American activist against corporal punishment

Jordan Riak (January 11, 1935 - April 2016) was a teacher and activist against corporal punishment who drafted the 1986 bill which banned corporal punishment from public schools in California.

==Early life==
Riak was born January 11, 1935, in, Dover, New Jersey. He was a native of nearby Morristown.

==Family==
Riak was married to Anne Riak. Riak had three children, Oren Riak, Justin Riak, and Veketa.

==Career and activism==
Riak began working against corporal punishment when he was residing with his children in Sydney, Australia and he was appalled to find out that corporal punishment was practiced in the Australian school system.

Moving to California, he incorporated PTAVE there, and with Assemblymen Sam Farr, successfully introduced legislation to end corporal punishment in schools in California in 1987, making it the ninth state to do so.

Riak's ultimate goal was to turn the United States into a spanking-free nation.

Riak worked with David and Blythe Daniel, psychology professors who teach at Los Angeles City College. The Daniels, who advocate children's rights through the We the Children Foundation and through education and workshops, campaigned with Riak for an anti-spanking resolution by the Los Angeles City Council, because "Spanking communicates to everyone that children have no rights, that they don't get the respect that other human beings get, and it's horrible," David Daniel said.

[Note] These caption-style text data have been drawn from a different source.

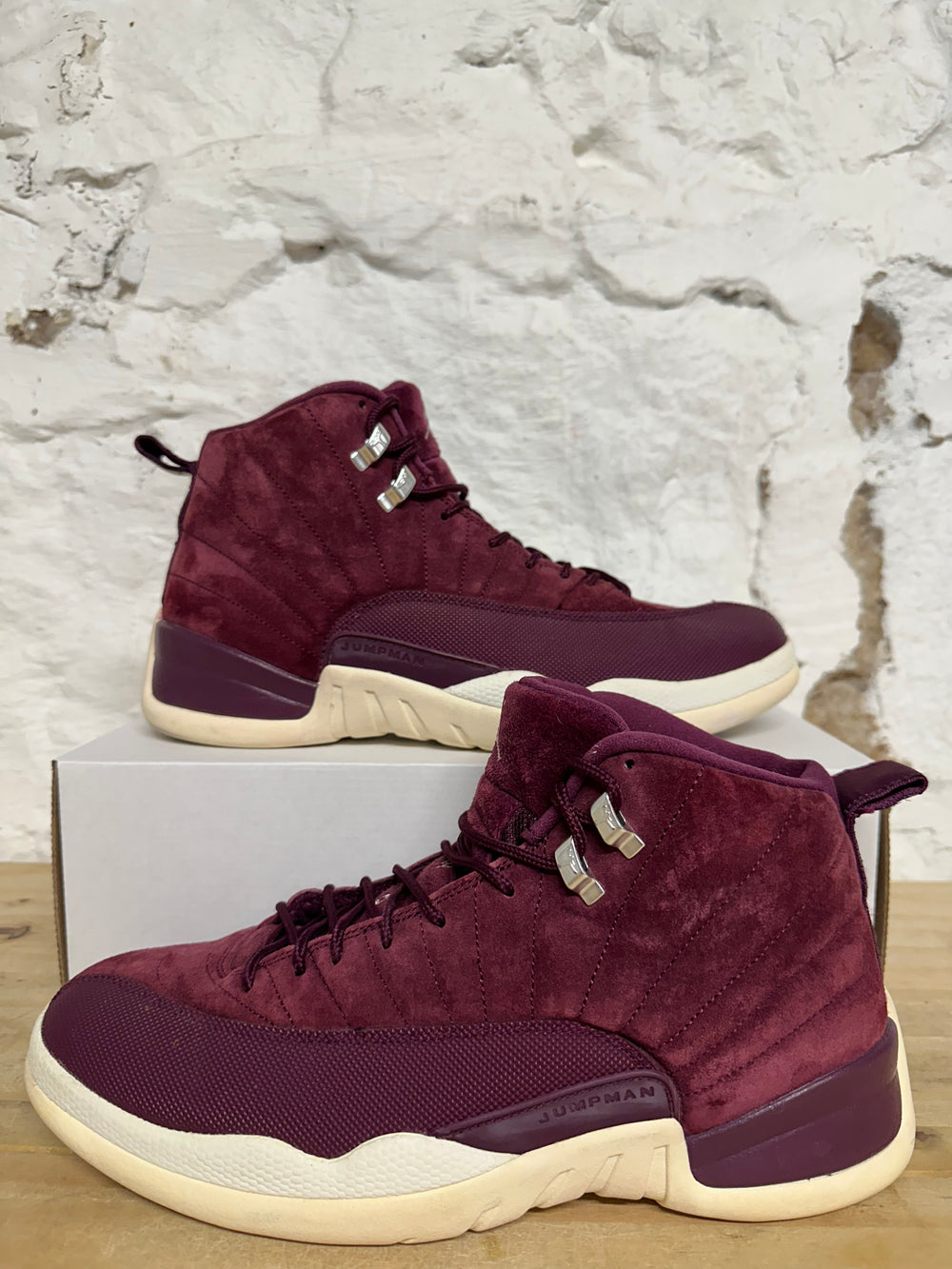 Air Jordan 12 Bordeaux Sz 12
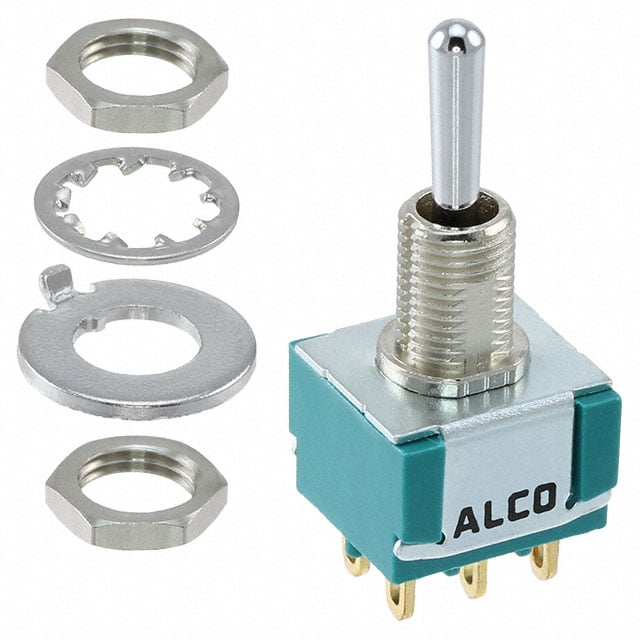 TE Connectivity ALCOSWITCH Switches MTA206P electronic component product image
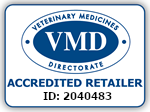 VMD Accredited Retailer logo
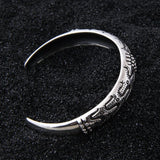 Scandinavian Norse Viking Cuff Bracelet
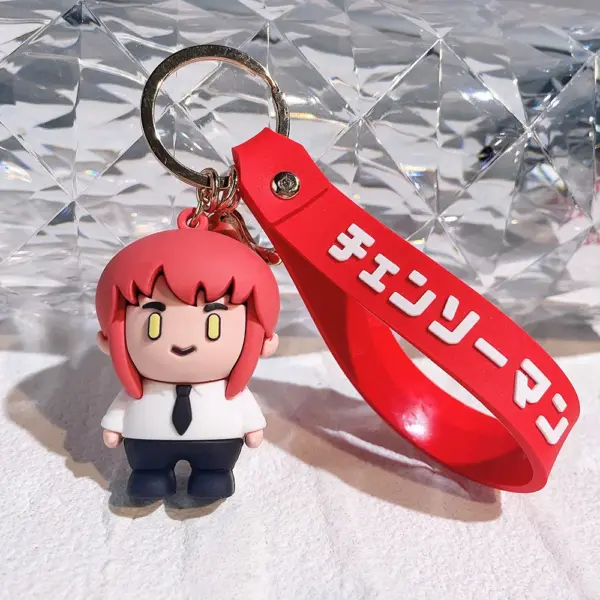 Chainsaw Man Pochita Key Chain Pendant - Image 5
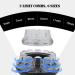 KEMEI 887 Hair Clipper for Men | Cordless Trimmer & Self-Haircut Kit with LED Display | Rechargeable & Lightweight for Perfect Grooming - Buy Online on GoSupps.com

Riak believed that neither the responsible parenting of children nor the responsible teaching of children should involve violence.

Riak was the executive director of Parents and Teachers Against Violence in Education from 1992 until his death in 2016.

==Death==
Riak died in April 2016 at the age of 81 in Alamo, California.

==Other attributions==
The character William Jordan Walcott in Blake Hutchison's 2016 novel Nobody's Property is named partially in honor of Riak. It is additionally implied in the novel that the woman Will calls "mom" is ardently opposed to corporal punishment, was a staunch supporter of Riak, and was even photographed with Riak at one point in the 1990s.

Riak Park in the fictional city of Luna Vista, California in the Nobody's Property fiction series is also named in honor of him.